I think I enjoyed Silent Scope slightly more than Dale did (but only slightly). For the most part, I'm not going to dispute any of Dale's criticisms of the game. As Dale pointed out in his review, Silent Scope is severely flawed because the act of sniping (as explained in Tom Berenger's sleeper movie Sniper) is one of patience—not ultra quick reflex. Trying to quickly snipe multiple targets under a timer is like trying to catch a fly with chopsticks. It just doesn't make sense. What makes things worse is that the control system wasn't meant to be played on a Dual Shock controller. This only makes the final experience more awkward and even more of a mess.
Silent Scope does manage to present a gameplay experience that is fairly different from shooting games that have come before it. And at the same time, it also manages to setup some uniquely intense situations for players to engage in—like going head-to-head with a Harrier fighter plane from a helicopter or dueling with enemies in the dark with night vision gear. Unfortunately these situations are wasted, and the whole package never comes together properly due to the aforementioned problems in the first paragraph.

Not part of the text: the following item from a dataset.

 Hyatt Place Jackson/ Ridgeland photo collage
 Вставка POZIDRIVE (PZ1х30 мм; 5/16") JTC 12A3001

What really kills me is that this game could have really opened up some new possibilities in narrative and action. Can you imagine if Silent Scope was based on a similar plot device like the Hitchcock classic "Rear Window?" The story could have unfolded from a voyeuristic perspective and players might have had to methodically track and hunt the whereabouts of a target via telescope. That would have been innovative and elegant experience. Instead, Silent Scope is as Dale alluded to, nothing more than an over-glorified version of Hogans Alley.